# Can I substitute for egg noodles?



## rbmccleary

I'm wanting to make Baverian Stew. It's smoked sausage, green beans, muchroom soup, milk, mustard, and egg noodles. Can I use another kind of noodle?


----------



## pdswife

use any kind you'd like!


----------



## Andy M.

You can use fettucine, spaghetti, ziti, etc.  Any noodle will do.


----------



## StirBlue

rbmccleary said:
			
		

> I'm wanting to make Baverian Stew. It's smoked sausage, green beans, muchroom soup, milk, mustard, and egg noodles.
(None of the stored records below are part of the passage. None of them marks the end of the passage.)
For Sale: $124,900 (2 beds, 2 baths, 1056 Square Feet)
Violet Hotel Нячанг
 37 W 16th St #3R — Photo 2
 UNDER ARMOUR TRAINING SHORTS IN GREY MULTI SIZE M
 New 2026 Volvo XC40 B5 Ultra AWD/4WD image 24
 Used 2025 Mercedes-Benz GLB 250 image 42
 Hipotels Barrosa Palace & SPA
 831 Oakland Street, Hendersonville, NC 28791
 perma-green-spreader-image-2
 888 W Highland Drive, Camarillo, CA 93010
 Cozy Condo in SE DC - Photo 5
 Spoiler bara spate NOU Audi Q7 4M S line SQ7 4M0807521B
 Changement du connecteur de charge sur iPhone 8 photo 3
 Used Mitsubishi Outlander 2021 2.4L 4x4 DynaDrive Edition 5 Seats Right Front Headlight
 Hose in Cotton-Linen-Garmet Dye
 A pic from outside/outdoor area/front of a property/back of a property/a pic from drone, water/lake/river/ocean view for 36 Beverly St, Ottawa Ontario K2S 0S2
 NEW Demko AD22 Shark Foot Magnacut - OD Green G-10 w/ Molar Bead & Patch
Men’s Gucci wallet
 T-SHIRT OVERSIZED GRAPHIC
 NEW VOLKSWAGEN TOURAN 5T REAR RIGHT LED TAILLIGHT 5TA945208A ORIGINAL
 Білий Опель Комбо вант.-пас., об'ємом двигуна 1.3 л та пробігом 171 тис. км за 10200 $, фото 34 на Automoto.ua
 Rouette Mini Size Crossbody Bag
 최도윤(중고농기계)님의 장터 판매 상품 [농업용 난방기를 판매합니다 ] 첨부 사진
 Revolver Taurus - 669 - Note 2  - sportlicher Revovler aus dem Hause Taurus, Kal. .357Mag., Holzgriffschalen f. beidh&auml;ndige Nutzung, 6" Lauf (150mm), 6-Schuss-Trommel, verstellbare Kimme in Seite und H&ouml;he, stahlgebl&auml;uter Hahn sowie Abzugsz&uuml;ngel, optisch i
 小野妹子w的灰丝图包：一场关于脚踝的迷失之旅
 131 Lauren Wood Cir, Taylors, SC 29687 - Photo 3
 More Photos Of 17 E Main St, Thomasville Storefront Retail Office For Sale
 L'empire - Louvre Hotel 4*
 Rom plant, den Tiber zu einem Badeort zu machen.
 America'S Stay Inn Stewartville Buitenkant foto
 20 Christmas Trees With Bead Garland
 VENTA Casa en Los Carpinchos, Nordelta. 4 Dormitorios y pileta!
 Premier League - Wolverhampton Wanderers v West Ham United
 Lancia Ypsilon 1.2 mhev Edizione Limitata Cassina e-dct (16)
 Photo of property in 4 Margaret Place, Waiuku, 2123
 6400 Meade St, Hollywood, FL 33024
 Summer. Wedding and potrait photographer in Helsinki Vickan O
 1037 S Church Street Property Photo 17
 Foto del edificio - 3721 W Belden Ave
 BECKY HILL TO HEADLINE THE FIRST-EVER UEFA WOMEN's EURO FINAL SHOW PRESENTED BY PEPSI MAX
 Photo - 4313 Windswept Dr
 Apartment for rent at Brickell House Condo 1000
Can I use another kind of noodle?


 
For your recipe, you might want to use elbow, shells, or bowtie.  It will be easier to stir it evenly.  If you only have spaghetti, you need to break it in half before you cook it so your ingredients will not end up in the bottom of the bowl when you toss them together.


----------



## Katie H

One thing I would suggest is that you cook the pasta and add it to the stew just before serving.  This way the pasta won't be mushy and extra starch won't be added to the stew, which would tend to thicken it.


----------



## Michael in FtW

Unless it's a health issue (egg allergy) I would go with the egg noodles.

Trying to keep with the the spirit of the origins of the recipe and the egg noodle (a broad flat noodle) - my first choice would be _Farfalla_ (aka: bow tie or butterfly pasta) as someone has already suggested. My next best choice would be _Pappardelle_ (another broad flat noodle but more the length of spaghetti than egg noodles) if you can find them - you would just need to break them up a bit so they would be more the size (length) of egg noodles. Or, _Tagliatelle -_ another broad flat noodle.  

If you have no other options .. then any of a number of small macaroni shapes could be substituted - although the original integrity of the dish will be lost. It will still be good - just not the same.


----------



## Constance

You can buy yolk free wide noodles, if avoiding cholesterol is your intent. I've tried them, and can't tell the difference. 

If you look in your stores freezer section, You should be able to find Reames egg noodles and square rolled dumplings. Both are very good. You might like to use the dumplings instead of noodles.


----------



## mish

For a stew, I would go with a heartier noodle (as Michael mentioned, Pappardelle or Tagliatelle), or spaetzle, rice, mashed potatoes or Perogies on the side.


----------



## StirBlue

I don't know why I didn't think of it before but corkscrew pasta would be perfect.  

My family is not wild about smoked sausage and this recipe might work for them.  I would like to incorporate this style of sausage into my menus because it is so widely available.


----------



## CasperImproved

rbmccleary said:
			
		

> I'm wanting to make Baverian Stew. It's smoked sausage, green beans, muchroom soup, milk, mustard, and egg noodles. Can I use another kind of noodle?



For me, I could not do without good noodles without a very good reason. Egg noodles are noramally required for "great" meals for for me. However, I will use noodles that are yokeless, or wheat when I am trying to do the healthy route.

Casper


----------